The problem ->
Write out the data that follows exactly, keeping every picture out.

Stored entries:
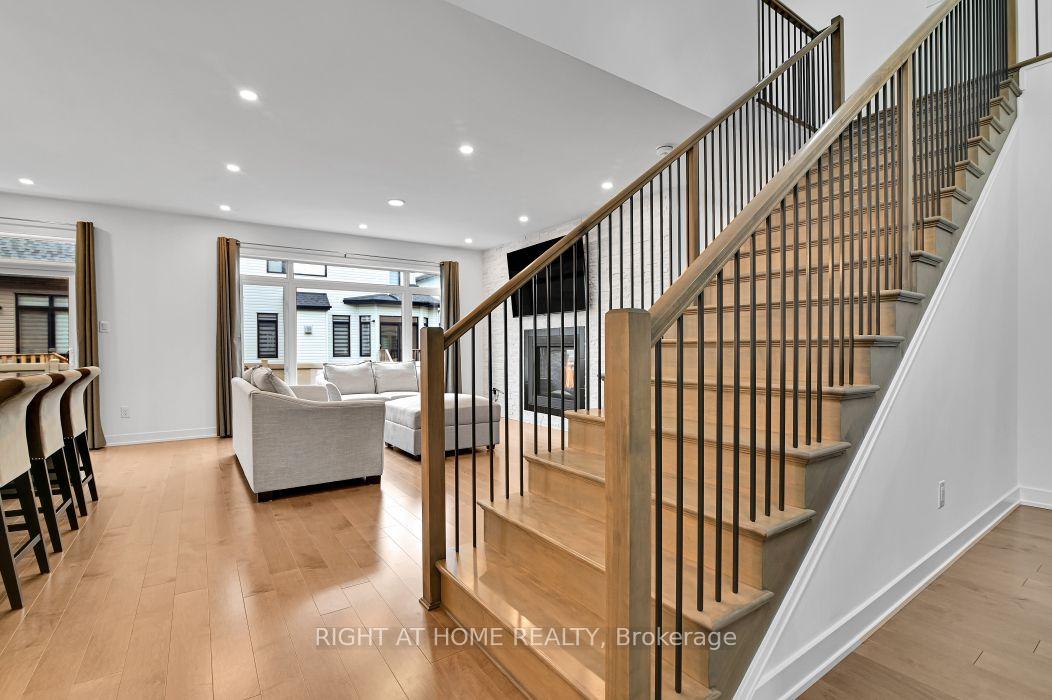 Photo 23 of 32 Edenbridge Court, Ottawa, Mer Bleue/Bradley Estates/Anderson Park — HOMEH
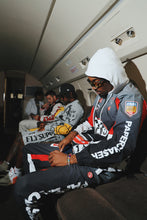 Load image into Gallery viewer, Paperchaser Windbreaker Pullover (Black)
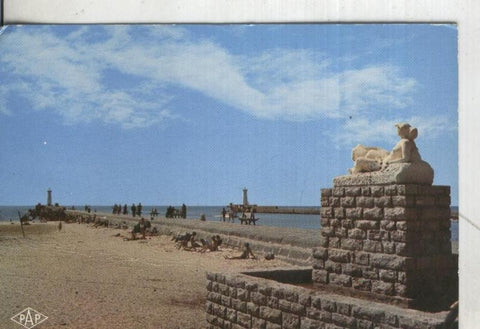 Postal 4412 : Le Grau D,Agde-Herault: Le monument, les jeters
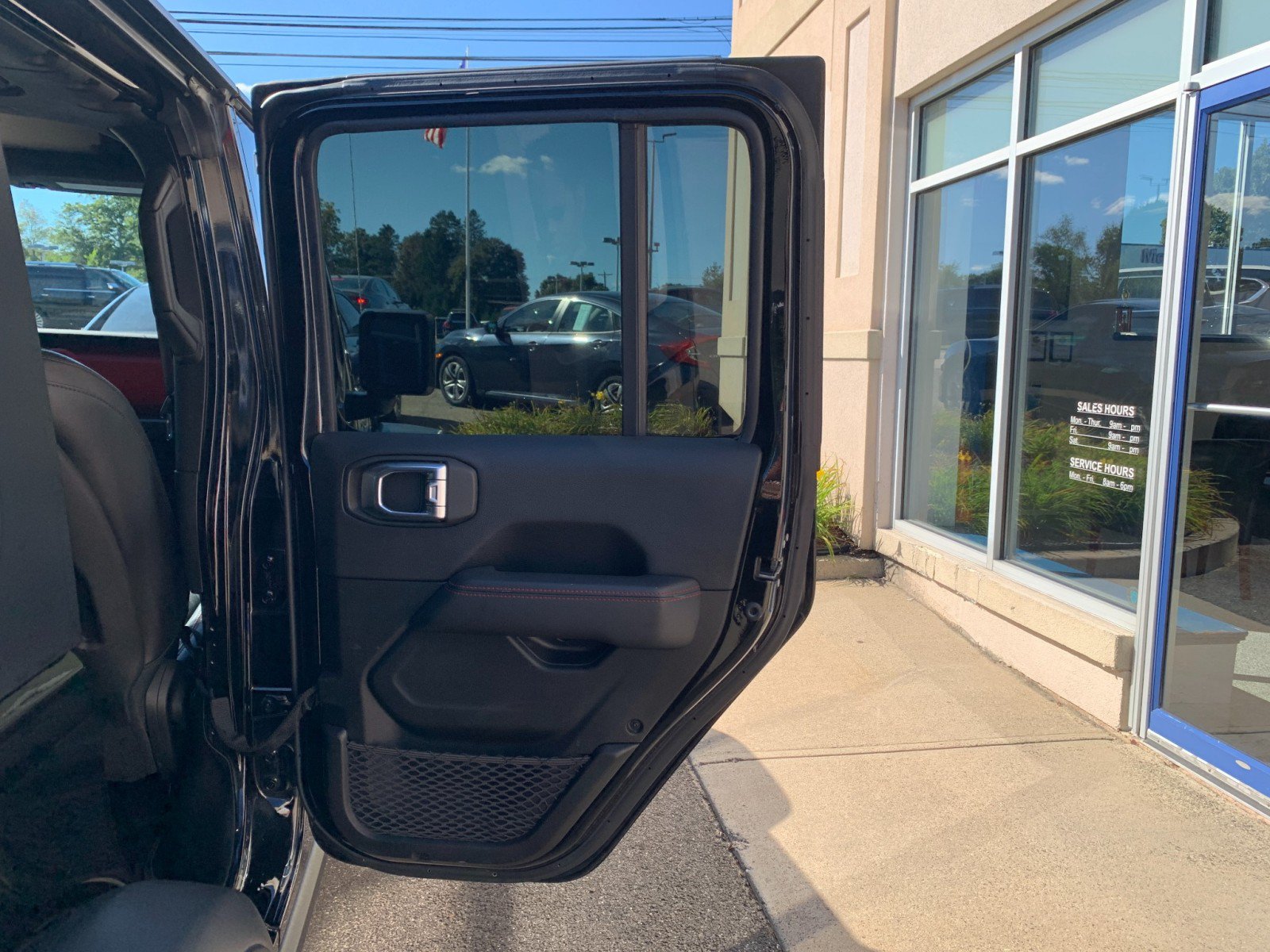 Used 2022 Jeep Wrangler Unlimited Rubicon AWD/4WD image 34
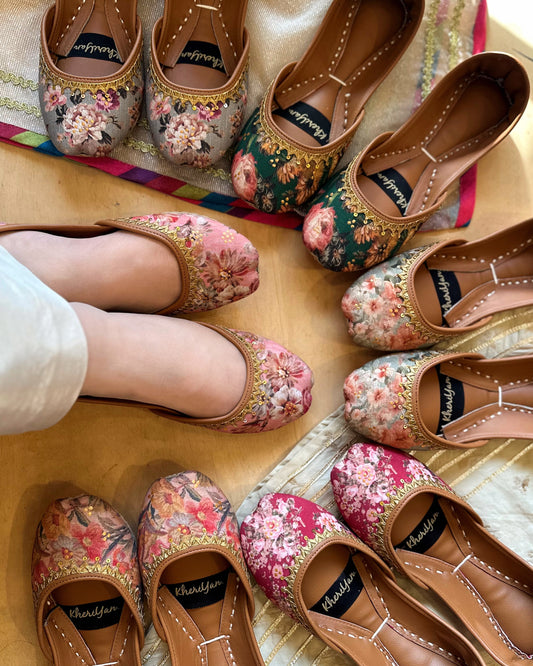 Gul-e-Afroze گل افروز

Result of this exercise ->
 Photo 23 of 32 Edenbridge Court, Ottawa, Mer Bleue/Bradley Estates/Anderson Park — HOMEH
 Load image into Gallery viewer, Paperchaser Windbreaker Pullover (Black)
 Postal 4412 : Le Grau D,Agde-Herault: Le monument, les jeters
 Used 2022 Jeep Wrangler Unlimited Rubicon AWD/4WD image 34
 Gul-e-Afroze گل افروز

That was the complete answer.